Closed flamedmg closed 9 years ago
scala-csv is implemented with parser combinator library (scala.util.parsing.combinators) of Scala but it's too slow for large files. Performace was not my interest when I chose it. I just wanted a csv parser implemented only in scala. Now I should be serious about the performance problem. I need to rewrite its parser in the different way in the next version of scala-csv.
Hi @tototoshi ,
Is there some progress on this point?
I have some 50Gb CSV file (Youhou!), and I am searching a Scala solution to enjoy monad stuff if possible. Right now I am splitting lines with the delimiter, and I use Akka to do it on several threads, I would prefer to not implement a clean parser by myself. If you are not working anymore on optimization, can you advise me another library? I am thinking to OpenCSV with a wrapper (like http://www.encodedknowledge.com/2012/04/reading-csv-files-in-scala-the-traversable-way/) but didn't tried it yet.
Regards
Ps: an idea of implementation based on Iteratees : https://jazzy.id.au/default/2012/11/06/iteratees_for_imperative_programmers.html Scalaz-Stream can be useful too?
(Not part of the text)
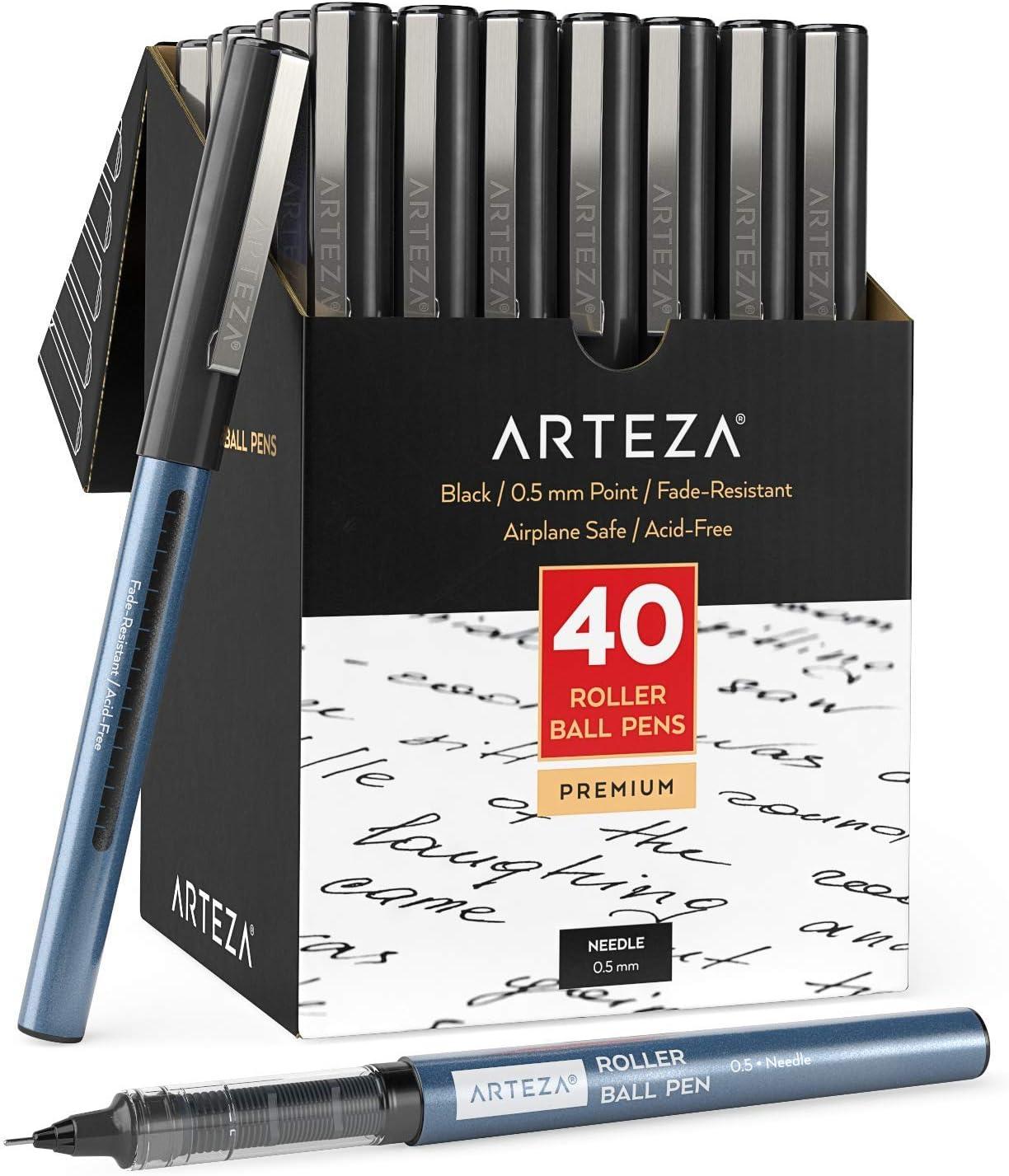 ARTEZA Rollerball Pens Fine Point, Set of 20 Blue Liquid Ink, Extra Fine 0.5 mm Needle Tip Pen, Make Precise Lines, Office Supplies for Writing, Notetaking, and Drawing(Black)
scala-csv v0.8.0 may much faster than v1.0.0. Could you try it? It is a thin OpenCSV wrapper. The difference between v0.8.0 and v1.0.0 API is the style of specifying csv format.
Thank you, I will try it this weekend and keep you informed of the results.
Are you working on an optimization?
Regards
Just an additional datapoint: I've been trying scala-csv 1.0.0 on a CSV file of around 300MB, and it's not usable (as indicated here). I constantly get this:
Exception in thread "main" java.lang.StackOverflowError
at scala.collection.immutable.Page.latest(PagedSeq.scala:239)
at scala.collection.immutable.Page.latest(PagedSeq.scala:239)
whether I use reader.all() or reader.iterator().
For my use-case, speed is not a major concern, but I need to be able to handle CSV files of up to several gigabytes.
I found a problem in CSVReader class.
This loads all input in memory at once and consumes huge memory on large input.
@tototoshi any estimate when you might be releasing the above fix? Thanks!
@cblage Published snapshot version for now. Please try it.
resolvers += "Sonatype OSS Snapshots" at "https://oss.sonatype.org/content/repositories/snapshots"
libraryDependencies += "com.github.tototoshi" %% "scala-csv" % "1.1.0-SNAPSHOT"
@tototoshi sorry I kind-of lost track of this. I'll try to give it a shot but it turns out that the size of the CSV files I'll be processing shouldn't warrant this optimization :)
@tototoshi you might want to have a look at Parboiled2.
I was getting the java.lang.StackOverflowError using 1.0.0 which made reading large csv files useless. 1.1.0-SNAPSHOT does seem to fix this so that part of the issue should be resolved. However, I can attest that it is painfully slow to read the file. I've tried both 'iterator' and 'stream' methods. Using scala.io.Source.fromFile(..) is multiple times faster.
https://github.com/tototoshi/scala-csv/commit/d02621232db4830d1698a3f1ccfcc6e7788a6bb6 I stopped using parser combinator and added a new implementation. I'm still not satisfied but it seems to be much faster than before.
Released 1.1.0.
I tried to use this library with 42MB large file - it takes forever just to complete empty reader (i.e. no processing in it). It takes less then a second to process that file in nodejs for example.
I profiled project a little bit and found, that most of the time is consumed by PagedSeq,
Please advice